[Stored dataset items]
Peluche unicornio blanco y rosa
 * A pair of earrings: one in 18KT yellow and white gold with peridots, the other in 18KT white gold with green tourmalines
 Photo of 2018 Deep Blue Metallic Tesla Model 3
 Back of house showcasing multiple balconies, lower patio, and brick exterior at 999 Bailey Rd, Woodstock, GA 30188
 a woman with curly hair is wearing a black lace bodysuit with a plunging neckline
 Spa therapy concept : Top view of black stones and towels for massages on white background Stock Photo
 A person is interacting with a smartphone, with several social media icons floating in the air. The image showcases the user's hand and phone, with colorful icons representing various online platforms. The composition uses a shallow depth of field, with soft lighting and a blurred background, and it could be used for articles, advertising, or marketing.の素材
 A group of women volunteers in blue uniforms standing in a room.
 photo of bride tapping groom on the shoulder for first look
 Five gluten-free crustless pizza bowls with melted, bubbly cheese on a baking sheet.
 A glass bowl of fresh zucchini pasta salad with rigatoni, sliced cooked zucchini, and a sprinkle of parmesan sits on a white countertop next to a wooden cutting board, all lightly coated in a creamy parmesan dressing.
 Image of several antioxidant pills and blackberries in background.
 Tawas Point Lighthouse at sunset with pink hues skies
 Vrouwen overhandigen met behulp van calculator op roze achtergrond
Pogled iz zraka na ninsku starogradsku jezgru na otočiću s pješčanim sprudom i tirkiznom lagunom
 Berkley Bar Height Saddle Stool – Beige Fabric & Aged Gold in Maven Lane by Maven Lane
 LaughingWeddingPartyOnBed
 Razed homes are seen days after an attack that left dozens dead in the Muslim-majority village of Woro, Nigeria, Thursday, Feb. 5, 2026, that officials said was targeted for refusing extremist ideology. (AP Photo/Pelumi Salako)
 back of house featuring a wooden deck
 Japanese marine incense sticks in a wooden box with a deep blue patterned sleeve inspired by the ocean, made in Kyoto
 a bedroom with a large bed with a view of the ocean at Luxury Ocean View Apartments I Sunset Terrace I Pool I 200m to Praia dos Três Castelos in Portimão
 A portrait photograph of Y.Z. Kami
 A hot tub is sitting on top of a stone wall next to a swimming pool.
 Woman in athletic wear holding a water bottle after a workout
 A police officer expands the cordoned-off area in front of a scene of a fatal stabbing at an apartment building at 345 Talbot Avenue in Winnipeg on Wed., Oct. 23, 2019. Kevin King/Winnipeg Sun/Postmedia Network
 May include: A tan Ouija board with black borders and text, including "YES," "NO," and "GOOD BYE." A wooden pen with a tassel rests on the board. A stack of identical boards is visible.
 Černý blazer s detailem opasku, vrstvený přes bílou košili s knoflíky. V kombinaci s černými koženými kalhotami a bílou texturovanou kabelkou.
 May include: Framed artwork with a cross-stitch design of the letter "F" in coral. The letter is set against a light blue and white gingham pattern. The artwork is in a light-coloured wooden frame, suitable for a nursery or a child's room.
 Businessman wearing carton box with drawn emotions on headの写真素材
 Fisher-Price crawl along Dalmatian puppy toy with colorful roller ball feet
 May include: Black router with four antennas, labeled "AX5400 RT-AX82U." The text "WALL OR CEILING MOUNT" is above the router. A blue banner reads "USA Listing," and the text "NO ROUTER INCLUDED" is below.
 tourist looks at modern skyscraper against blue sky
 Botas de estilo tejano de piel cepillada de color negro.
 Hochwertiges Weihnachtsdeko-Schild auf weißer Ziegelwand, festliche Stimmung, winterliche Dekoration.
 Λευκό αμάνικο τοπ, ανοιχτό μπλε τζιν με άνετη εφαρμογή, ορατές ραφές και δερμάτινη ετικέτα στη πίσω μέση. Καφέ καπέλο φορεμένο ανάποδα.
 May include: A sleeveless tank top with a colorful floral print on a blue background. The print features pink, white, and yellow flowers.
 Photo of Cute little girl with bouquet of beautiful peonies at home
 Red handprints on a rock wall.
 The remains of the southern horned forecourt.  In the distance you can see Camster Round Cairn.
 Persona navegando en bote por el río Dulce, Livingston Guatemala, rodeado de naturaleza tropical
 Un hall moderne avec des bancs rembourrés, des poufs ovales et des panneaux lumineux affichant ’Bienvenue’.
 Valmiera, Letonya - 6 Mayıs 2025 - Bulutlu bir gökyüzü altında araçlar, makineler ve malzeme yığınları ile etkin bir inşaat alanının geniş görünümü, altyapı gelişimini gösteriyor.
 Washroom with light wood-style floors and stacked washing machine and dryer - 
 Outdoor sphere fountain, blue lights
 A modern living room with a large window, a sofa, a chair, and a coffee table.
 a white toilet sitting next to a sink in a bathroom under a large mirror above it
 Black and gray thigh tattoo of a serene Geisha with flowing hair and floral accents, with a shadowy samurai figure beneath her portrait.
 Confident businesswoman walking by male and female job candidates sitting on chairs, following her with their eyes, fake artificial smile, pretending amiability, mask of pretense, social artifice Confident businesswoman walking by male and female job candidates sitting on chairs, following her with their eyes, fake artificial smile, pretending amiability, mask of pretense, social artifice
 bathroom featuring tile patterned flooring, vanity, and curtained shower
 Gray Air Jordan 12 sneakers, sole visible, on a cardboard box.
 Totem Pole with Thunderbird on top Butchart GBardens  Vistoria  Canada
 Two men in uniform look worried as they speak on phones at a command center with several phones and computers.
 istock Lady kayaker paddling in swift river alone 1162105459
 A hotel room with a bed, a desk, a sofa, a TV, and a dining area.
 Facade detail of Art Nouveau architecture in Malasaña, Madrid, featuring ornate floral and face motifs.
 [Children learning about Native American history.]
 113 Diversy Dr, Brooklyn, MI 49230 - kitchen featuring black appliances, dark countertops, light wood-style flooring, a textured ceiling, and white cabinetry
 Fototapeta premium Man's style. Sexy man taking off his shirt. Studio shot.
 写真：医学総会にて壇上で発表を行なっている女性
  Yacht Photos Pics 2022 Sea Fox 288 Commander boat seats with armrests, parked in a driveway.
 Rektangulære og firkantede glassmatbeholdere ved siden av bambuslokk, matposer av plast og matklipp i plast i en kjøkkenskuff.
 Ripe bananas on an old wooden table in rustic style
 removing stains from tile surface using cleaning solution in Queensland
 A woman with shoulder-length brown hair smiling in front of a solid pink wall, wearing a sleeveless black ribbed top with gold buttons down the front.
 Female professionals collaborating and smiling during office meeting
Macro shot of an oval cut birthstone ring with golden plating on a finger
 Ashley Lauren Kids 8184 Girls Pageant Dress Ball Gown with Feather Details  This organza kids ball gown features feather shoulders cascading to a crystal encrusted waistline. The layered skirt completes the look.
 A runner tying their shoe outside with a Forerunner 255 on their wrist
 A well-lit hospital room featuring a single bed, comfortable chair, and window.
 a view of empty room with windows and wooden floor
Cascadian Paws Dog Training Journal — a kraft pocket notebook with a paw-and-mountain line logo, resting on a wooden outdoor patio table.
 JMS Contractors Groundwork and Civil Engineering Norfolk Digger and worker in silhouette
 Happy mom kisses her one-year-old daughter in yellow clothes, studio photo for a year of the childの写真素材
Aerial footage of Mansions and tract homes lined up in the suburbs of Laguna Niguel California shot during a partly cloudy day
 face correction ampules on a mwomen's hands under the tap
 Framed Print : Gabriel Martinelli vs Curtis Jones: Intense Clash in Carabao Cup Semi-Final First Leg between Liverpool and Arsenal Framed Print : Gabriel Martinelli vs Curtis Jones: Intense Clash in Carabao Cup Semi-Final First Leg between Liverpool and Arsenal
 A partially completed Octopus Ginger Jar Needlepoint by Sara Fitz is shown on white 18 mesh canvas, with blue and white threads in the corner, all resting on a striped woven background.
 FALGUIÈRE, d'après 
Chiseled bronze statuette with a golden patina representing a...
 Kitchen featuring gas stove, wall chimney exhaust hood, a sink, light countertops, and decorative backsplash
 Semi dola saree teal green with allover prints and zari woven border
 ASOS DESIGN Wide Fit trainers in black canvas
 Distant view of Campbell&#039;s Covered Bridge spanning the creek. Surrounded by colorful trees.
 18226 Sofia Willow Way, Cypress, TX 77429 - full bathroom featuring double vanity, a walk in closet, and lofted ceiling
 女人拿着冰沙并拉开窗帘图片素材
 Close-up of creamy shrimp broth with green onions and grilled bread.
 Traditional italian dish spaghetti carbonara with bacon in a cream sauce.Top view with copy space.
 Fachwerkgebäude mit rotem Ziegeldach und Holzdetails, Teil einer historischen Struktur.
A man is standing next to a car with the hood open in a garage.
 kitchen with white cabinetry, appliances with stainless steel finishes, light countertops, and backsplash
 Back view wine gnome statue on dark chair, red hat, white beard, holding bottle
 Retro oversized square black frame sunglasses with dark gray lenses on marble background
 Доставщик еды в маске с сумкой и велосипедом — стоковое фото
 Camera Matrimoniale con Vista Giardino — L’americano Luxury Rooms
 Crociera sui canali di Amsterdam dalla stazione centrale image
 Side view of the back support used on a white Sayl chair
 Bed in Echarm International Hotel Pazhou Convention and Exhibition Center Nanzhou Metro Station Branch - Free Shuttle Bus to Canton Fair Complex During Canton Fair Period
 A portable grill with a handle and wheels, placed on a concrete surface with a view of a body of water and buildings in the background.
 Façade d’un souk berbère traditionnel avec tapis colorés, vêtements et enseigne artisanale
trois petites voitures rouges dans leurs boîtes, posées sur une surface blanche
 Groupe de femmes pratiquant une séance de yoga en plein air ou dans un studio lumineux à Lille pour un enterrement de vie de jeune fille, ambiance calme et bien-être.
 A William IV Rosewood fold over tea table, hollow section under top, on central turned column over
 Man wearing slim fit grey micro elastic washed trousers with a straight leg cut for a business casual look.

WHAT YOU ARE ASKED TO DO
Your answer should be only the number of lines, in the entries above, that include "ocean".

RESPONSE TO THE EXERCISE
2